(Exercise objective)
Would you print the records below word for word, without the pictures?
======== Data supplied ========
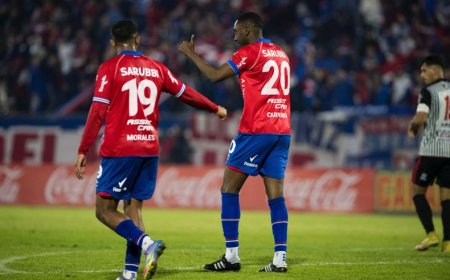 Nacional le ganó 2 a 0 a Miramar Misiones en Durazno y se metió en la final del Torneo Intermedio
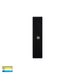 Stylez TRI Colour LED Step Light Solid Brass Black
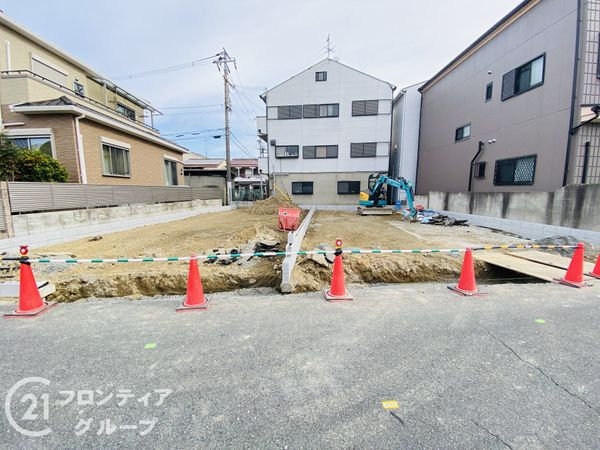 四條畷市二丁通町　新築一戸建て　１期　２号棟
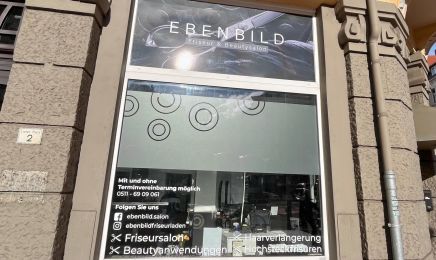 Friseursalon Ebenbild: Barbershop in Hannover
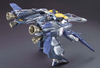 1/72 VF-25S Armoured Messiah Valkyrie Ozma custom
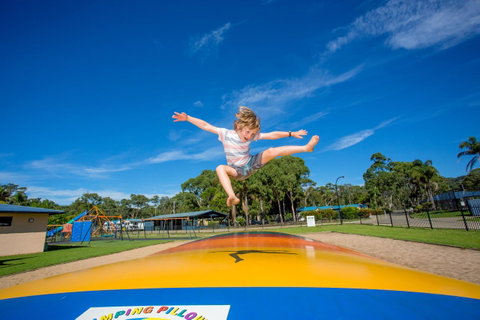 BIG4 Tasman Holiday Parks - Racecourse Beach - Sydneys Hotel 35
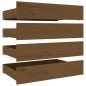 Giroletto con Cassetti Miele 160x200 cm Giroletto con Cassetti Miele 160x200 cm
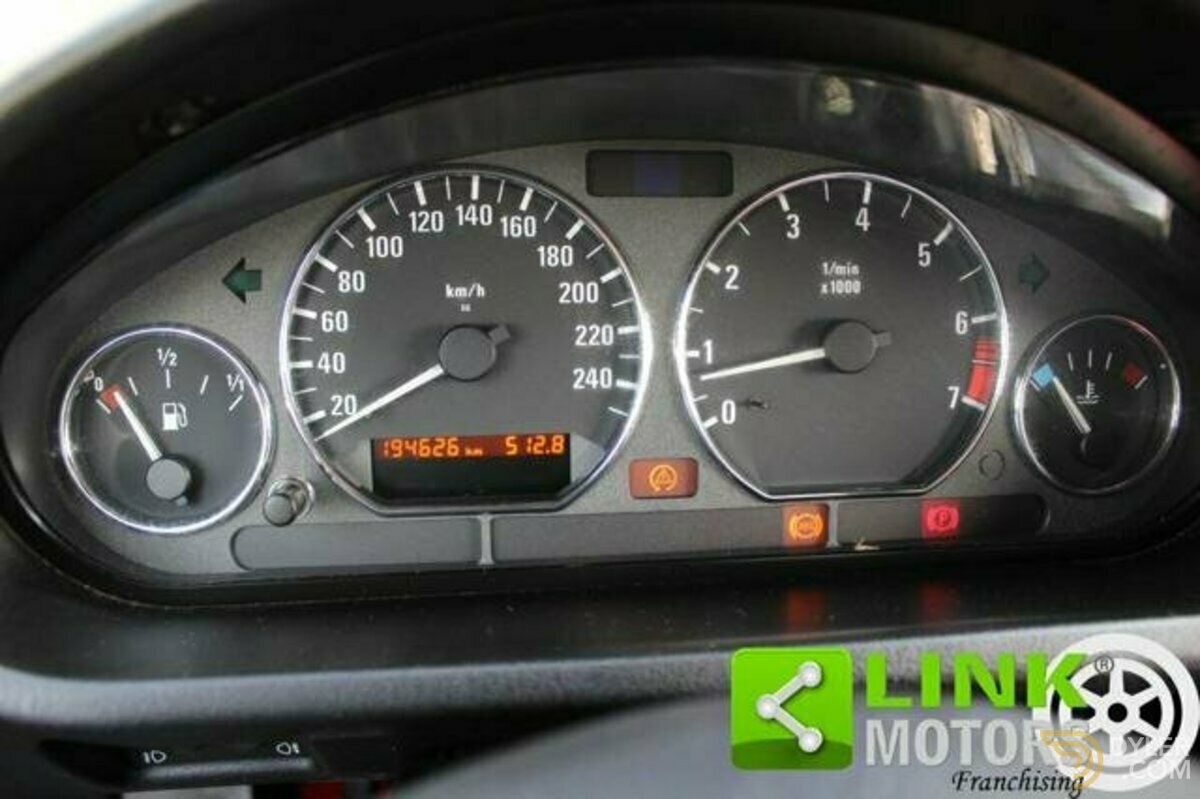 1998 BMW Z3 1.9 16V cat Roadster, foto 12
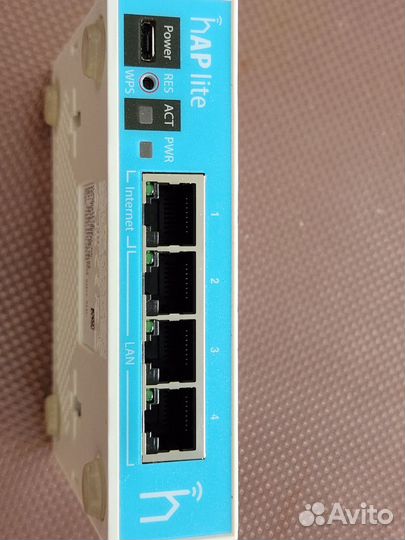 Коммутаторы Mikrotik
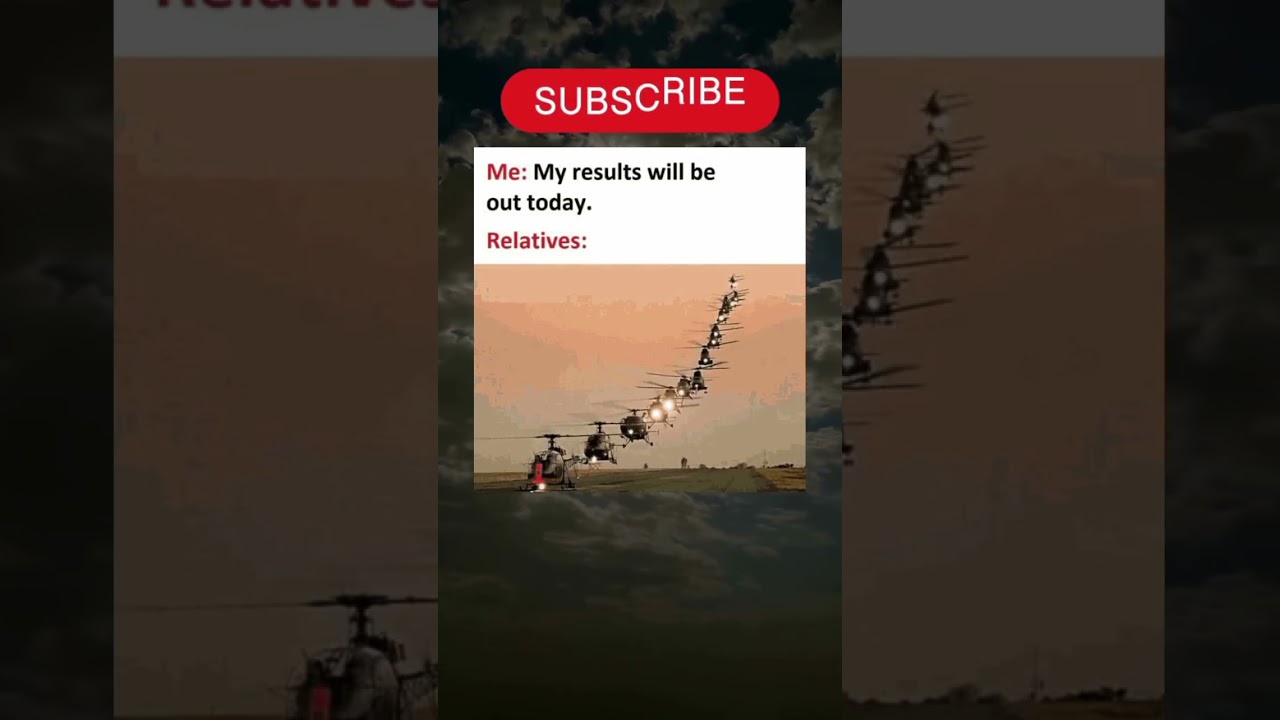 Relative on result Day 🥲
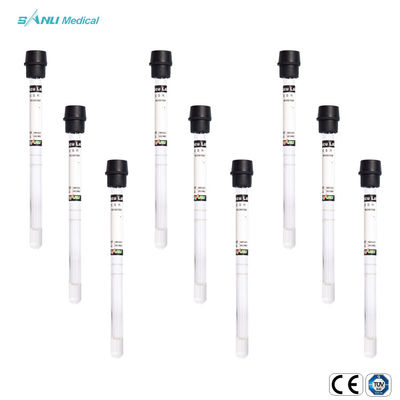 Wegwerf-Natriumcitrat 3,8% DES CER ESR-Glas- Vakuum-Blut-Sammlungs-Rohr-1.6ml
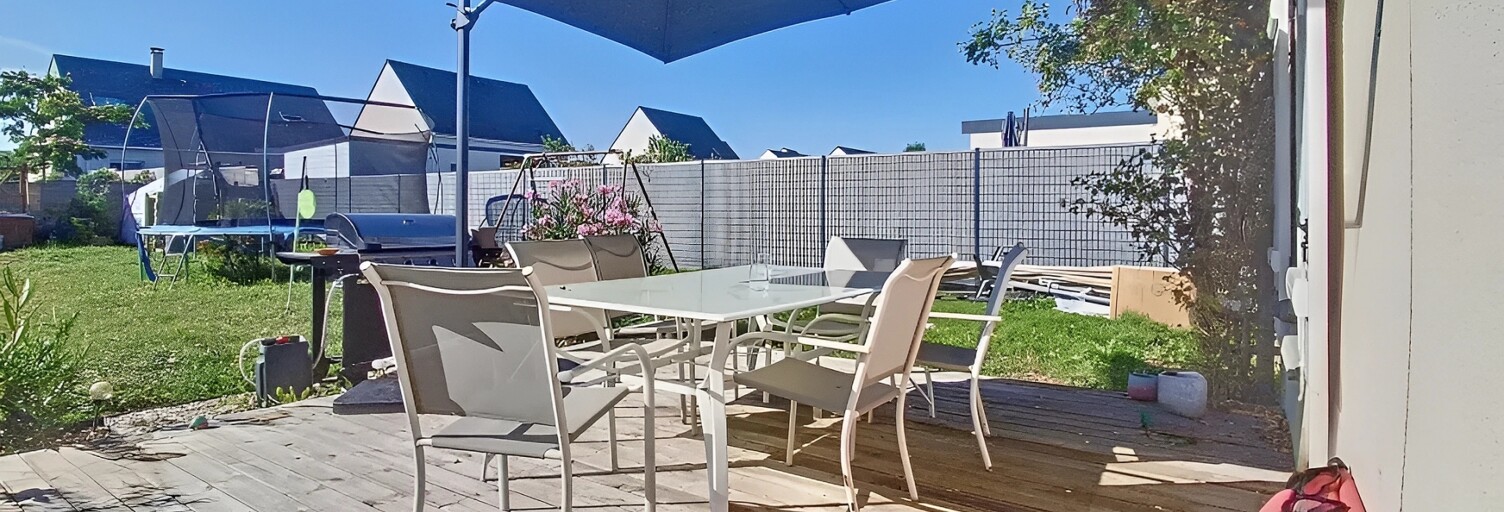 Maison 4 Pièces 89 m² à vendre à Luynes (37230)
========
(Exercise solution)
 Nacional le ganó 2 a 0 a Miramar Misiones en Durazno y se metió en la final del Torneo Intermedio
 Stylez TRI Colour LED Step Light Solid Brass Black
 四條畷市二丁通町　新築一戸建て　１期　２号棟
 Friseursalon Ebenbild: Barbershop in Hannover
 1/72 VF-25S Armoured Messiah Valkyrie Ozma custom
 BIG4 Tasman Holiday Parks - Racecourse Beach - Sydneys Hotel 35
 Giroletto con Cassetti Miele 160x200 cm Giroletto con Cassetti Miele 160x200 cm
 1998 BMW Z3 1.9 16V cat Roadster, foto 12
 Коммутаторы Mikrotik
 Relative on result Day 🥲
 Wegwerf-Natriumcitrat 3,8% DES CER ESR-Glas- Vakuum-Blut-Sammlungs-Rohr-1.6ml
 Maison 4 Pièces 89 m² à vendre à Luynes (37230)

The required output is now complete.